JBC odds and ends
When a reporter asked me whether I would accept nomination to the post of chief justice, with a straight face I said no because I hate work and the pay is not right. Wonder of wonders, somebody told me that my answer came out in the media!
But not everything is comical. There are some legitimate issues coming out. The first is the challenge to the eight-man composition of the current Judicial and Bar Council (JBC).
Indeed it is true that the Constitution provides for only seven members and only one of them is from Congress. As I recall, however, this was one of the provisions in the draft of the Constitution which escaped the attention of the drafters. The provision was approved when the Constitutional Commission was still thinking in terms of a unicameral National Assembly. Thus, only one representative for the legislative body was provided for. After the Commission decided to go bicameral, no adjustment was made.

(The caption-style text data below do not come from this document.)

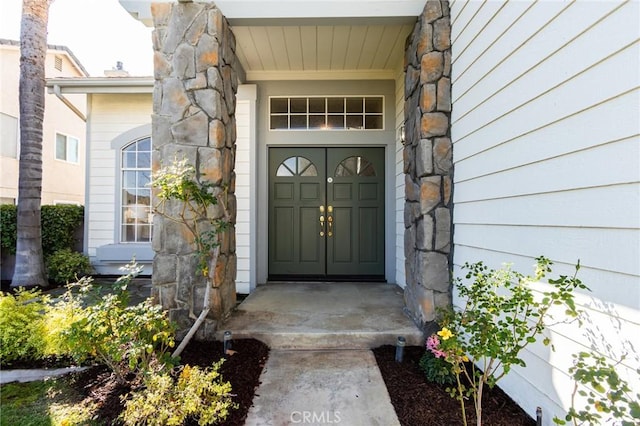 entrance to property featuring stone siding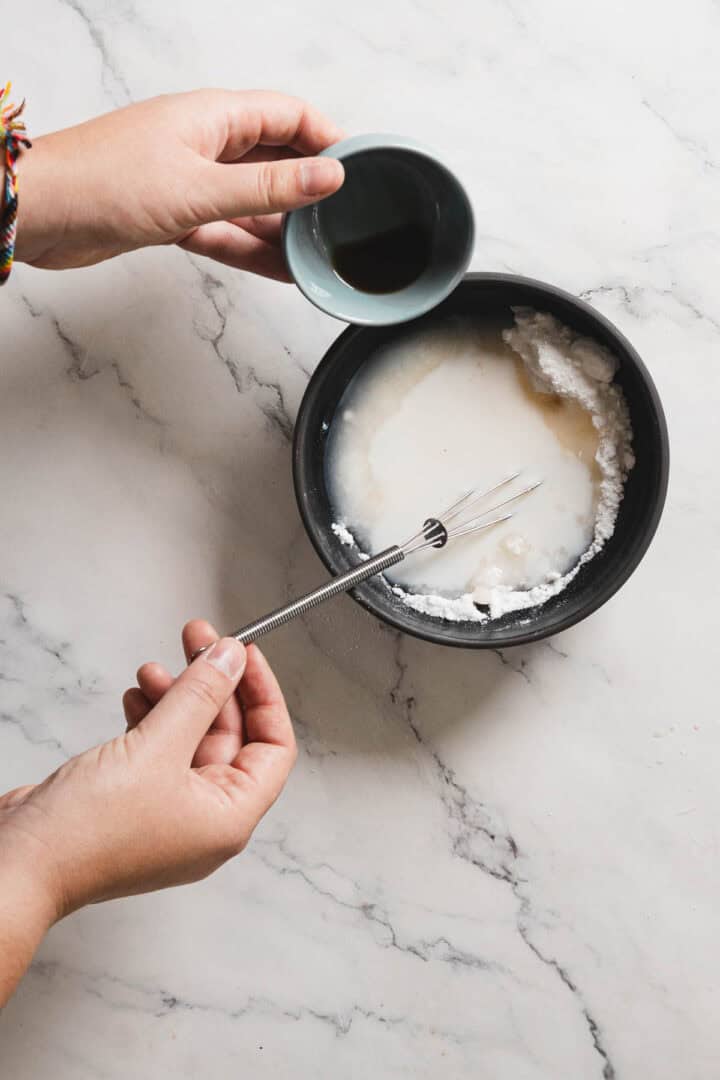 Two hands prepare a mixture in a black bowl on a marble surface. One hand holds a small whisk, while the other pours dark liquid into the larger bowl containing white powder and liquid, crafting the perfect gingerbread blend for an aromatic, gluten-free loaf.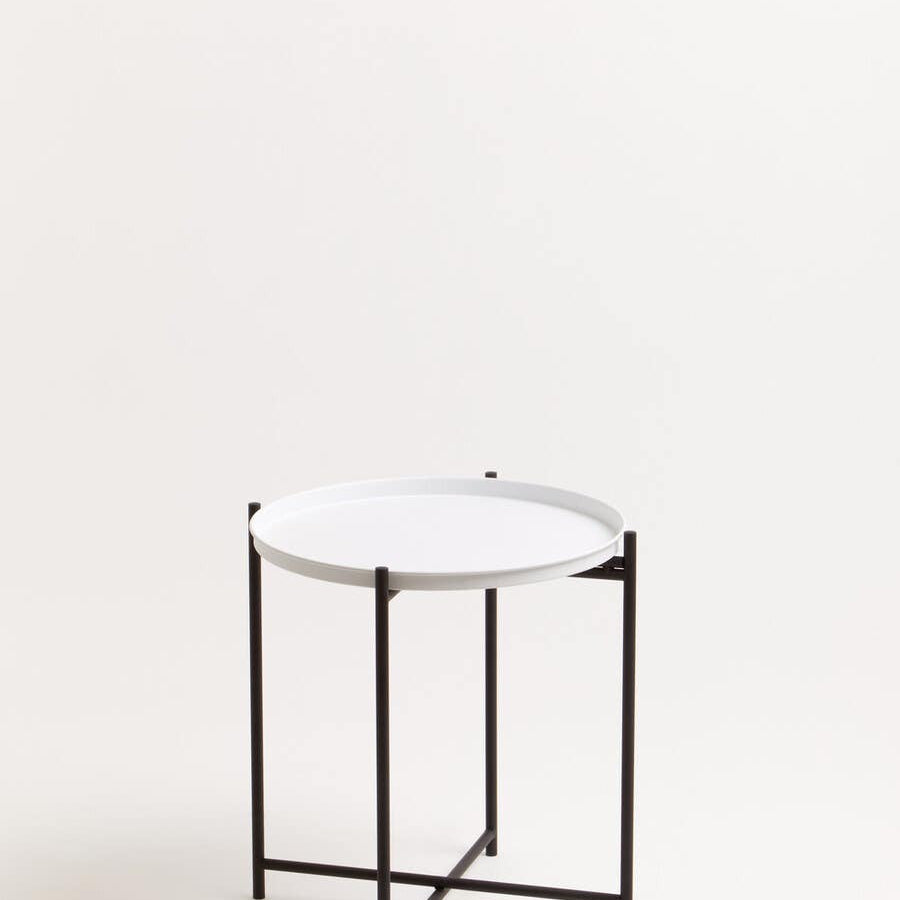 Round white tabletop supported by a sleek black metal frame, featuring a minimalist design with four legs and a crossbar for stability. The background is a neutral color, enhancing the modern aesthetic of the side table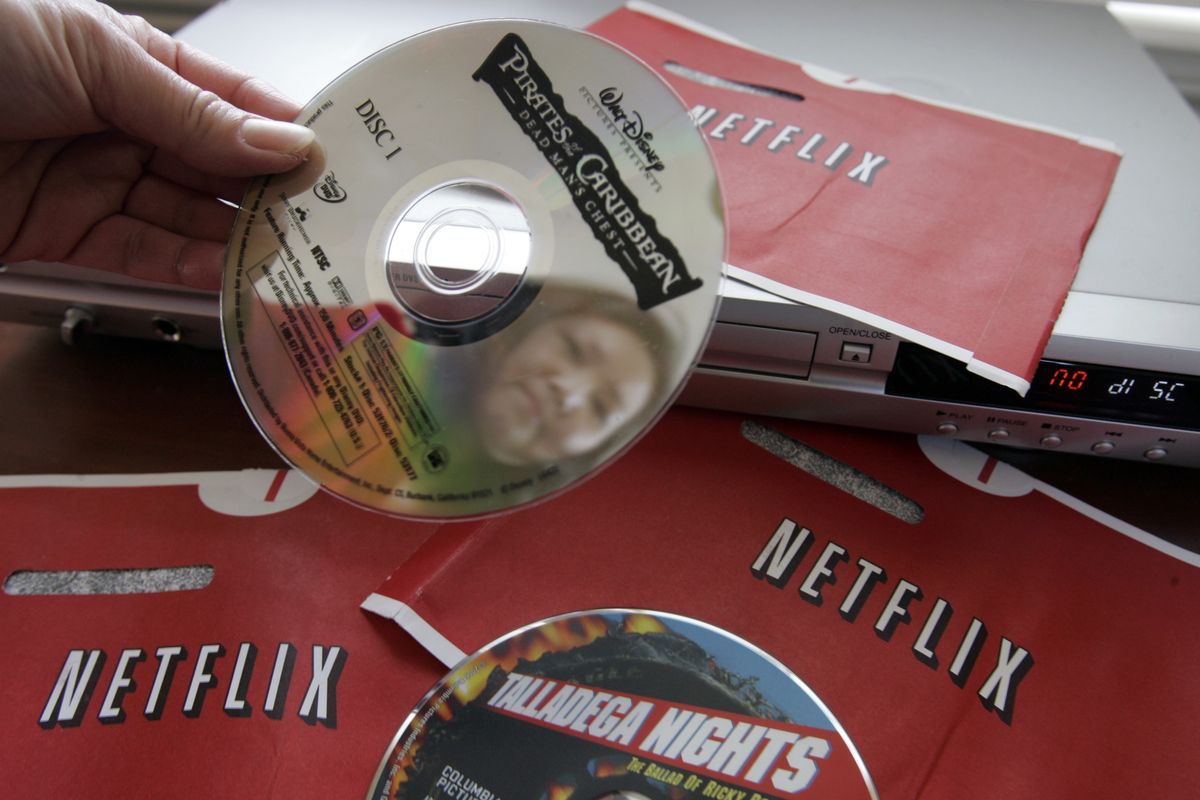Netflix customer Carleen Ho holds up DVD movies, “Talladega Nights” and “Pirates of the Caribbean,” that she rented from Netflix. The company is a current favorite of short sellers, who believe the stock will falter because of what they consider an inflated price and too much competition. (File Associated Press)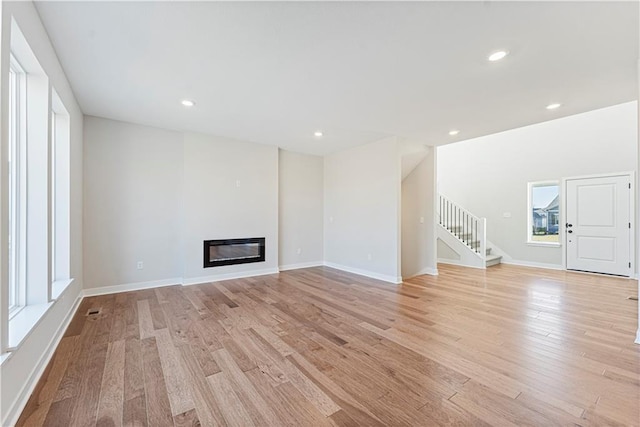 503 Woodview Dr, Raymore, MO 64083 - unfurnished living room with stairway, light wood finished floors, a glass covered fireplace, recessed lighting, and baseboards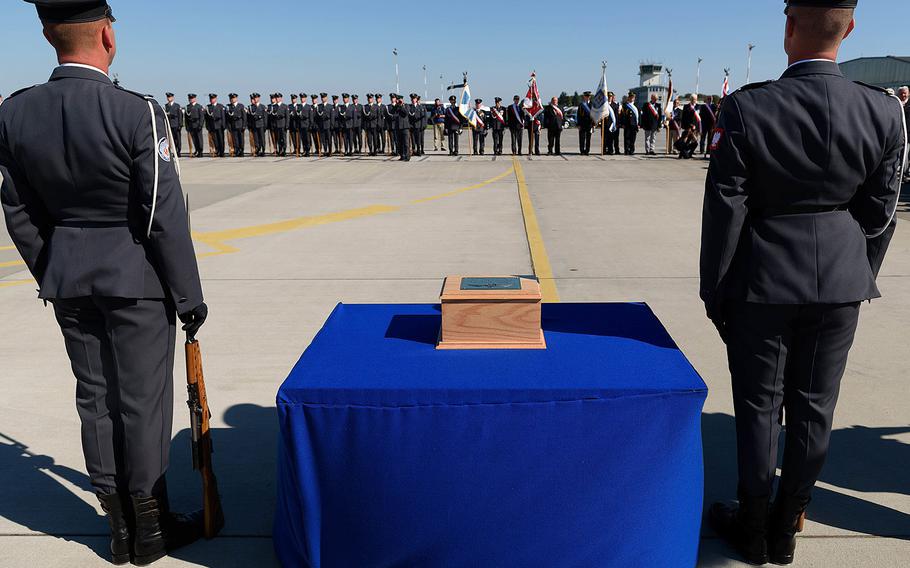 A wooden urn with the ashes of Polish fighter ace Capt. Kazimierz Sporny, credited with downing at of least five enemy planes in the Battle of Britain, is greeted with military honors at the Krzesiny Air Base in Poznan, Poland on Thursday, August 25, 2016.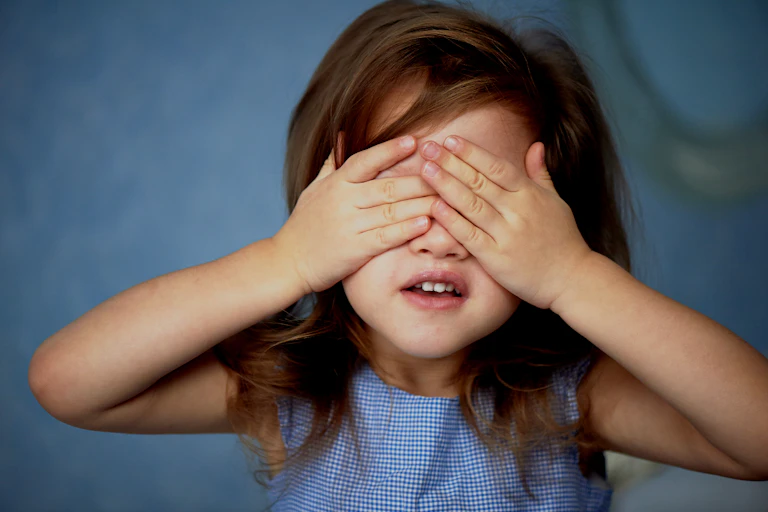 Niña con vestido azul se tapa los ojos.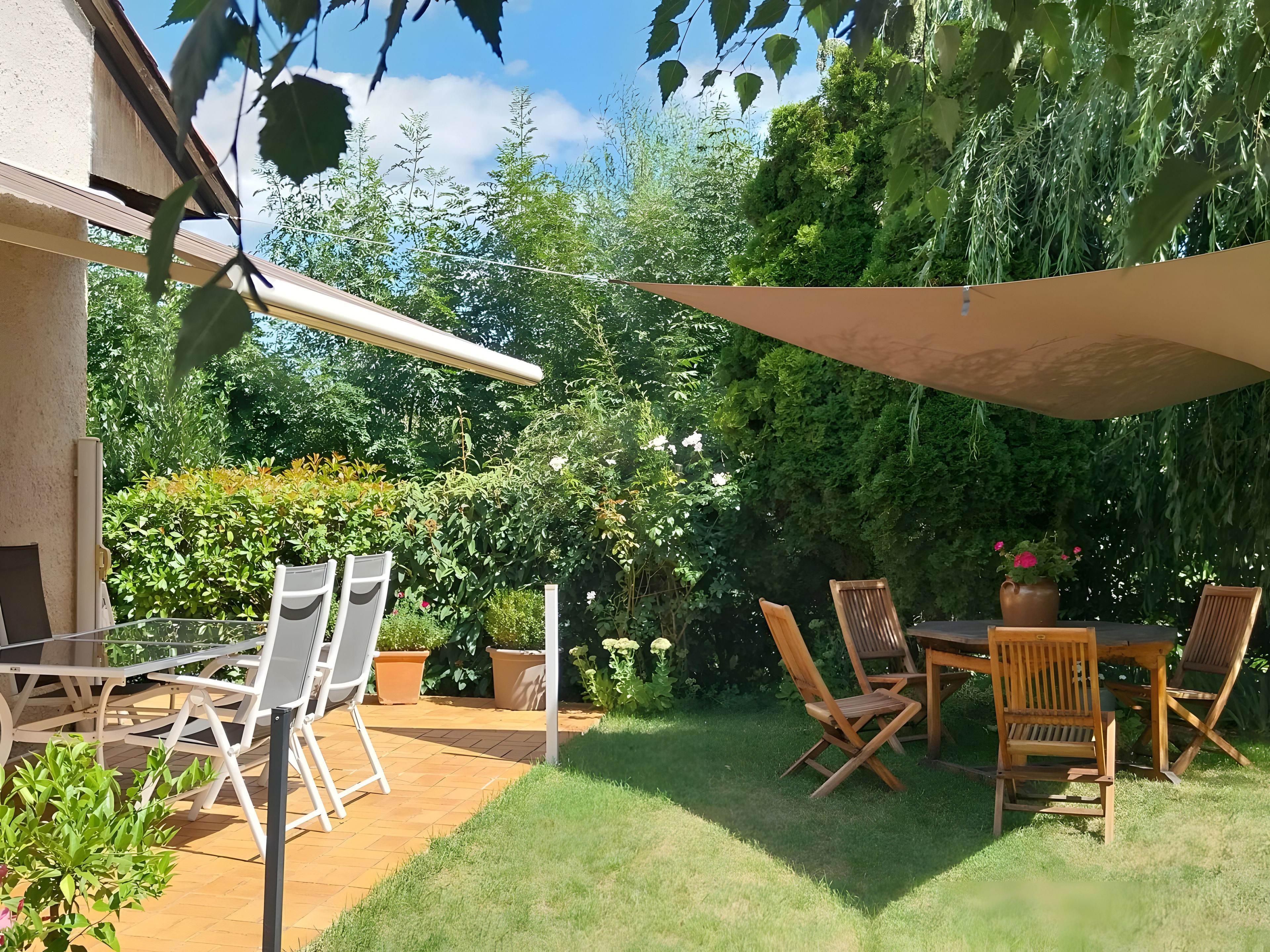An outdoor patio with a table and chairs, surrounded by greenery and a pergola.
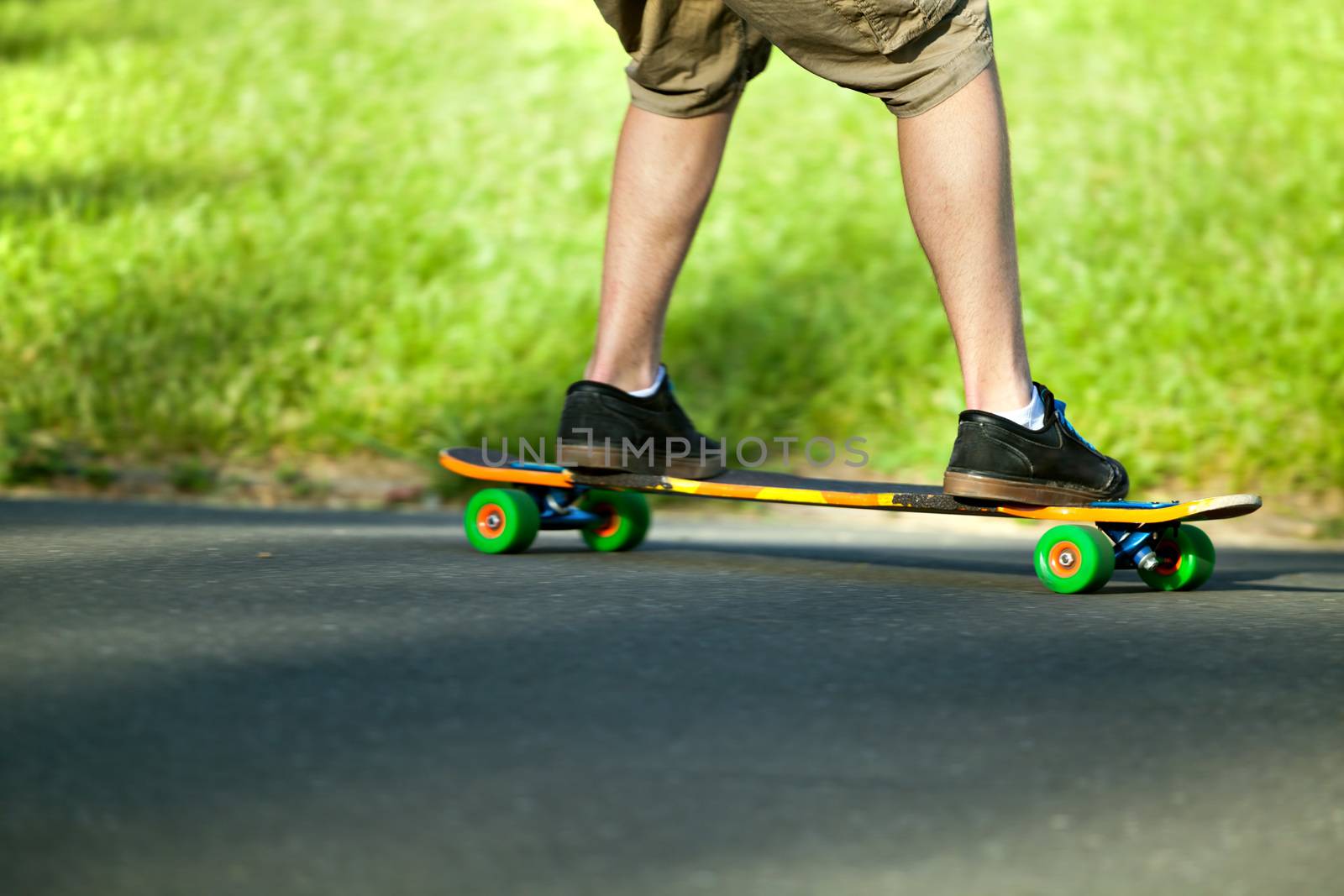 Action shot of a longboarder skating on a suburban road. Shallow depth of field. 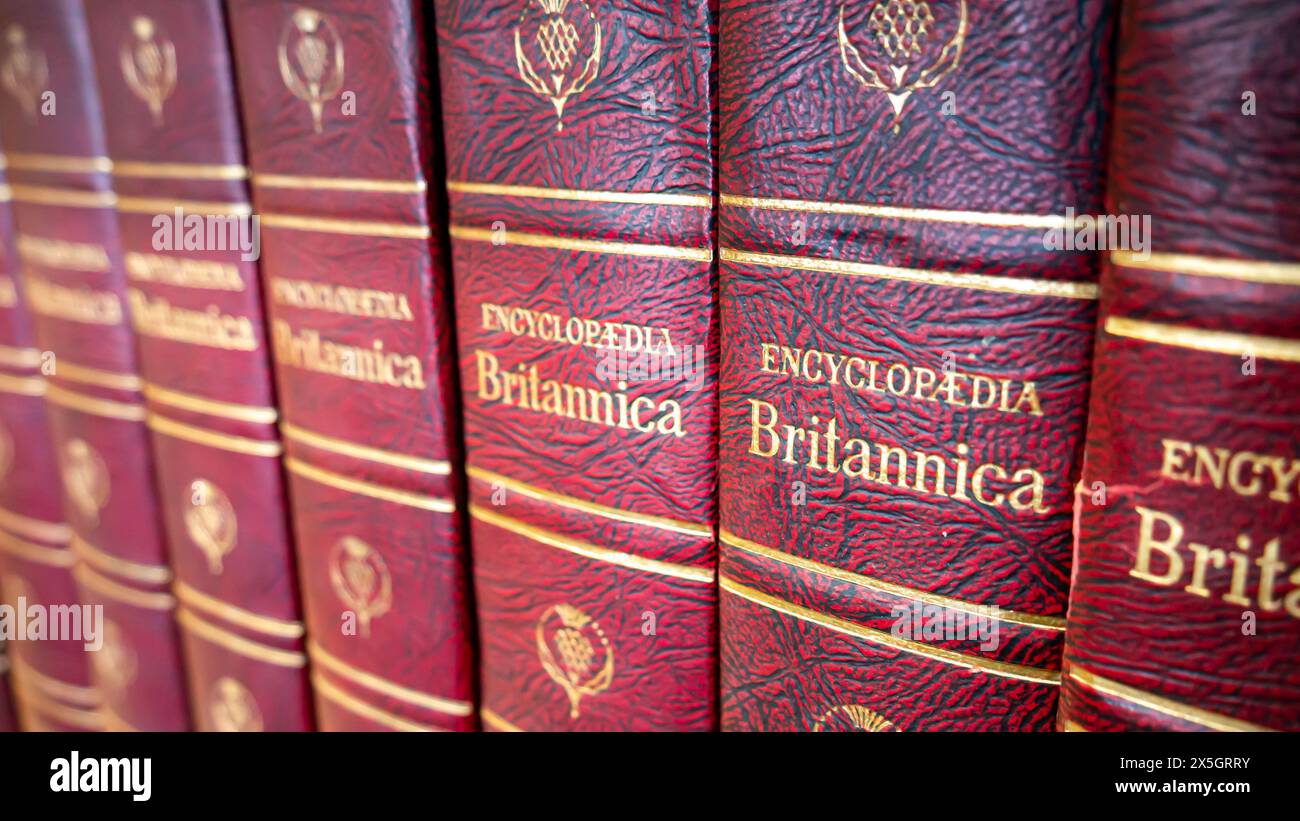 Vista ravvicinata di una fila di volumi dell'Encyclopedia Britannica, libri di riferimento rilegati in pelle rossa in rilievo con testo dorato in una biblioteca Foto Stock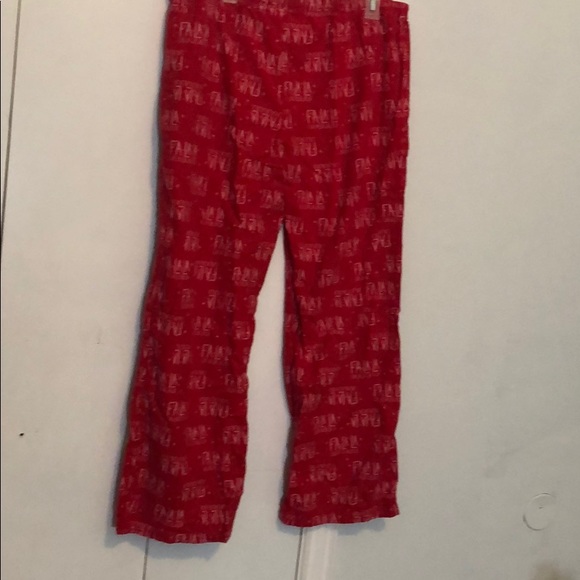 A pair of red Tommy Hilfiger pajama pants - Picture 2 of 2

In the early days of the 1987 Constitution, the practice was for the Senate and House members in the JBC either to alternate or to be given only half a vote each. As I understand from the complaint against current practice, congressional members now each have one vote. If this is so, it is not such a world-shaking inaccuracy. It can easily be remedied. But it would be interesting to check back records to see if any nominee has ever been recommended because a majority vote was reached in his or her favor on the basis of the vote of the two legislators.
In fact, however, there are other instances of failure to adjust to the shift to a bicameral legislative body. The most serious is the provision on amending the Constitution. What we have is a copy of the constitutional amendment provision in the 1973 Constitution. It now says: “Any amendment to, or revision of, this Constitution may be proposed by: (1) the Congress, upon a vote of three-fourths of all its Members; or (2) a constitutional convention.”
The provision has paralyzed attempts to revise or amend the Constitution. The debate has frequently been stalled on just how this provision should be implemented. Under the 1935 Constitution the provision clearly required a joint session. It commanded Congress that, in proposing changes to the Constitution, it must be in joint session but they must vote separately. The paralyzing debate under the 1987 Constitution is on whether a joint session is required or whether separate sessions can do the job or in either case whether they must vote separately.
Another item that has come up from the JBC is the report that all applicants for the position of chief justice should undergo a psychological test. I suppose that this is not just for aspiring chief justices but also for all aspiring justices of the Supreme Court.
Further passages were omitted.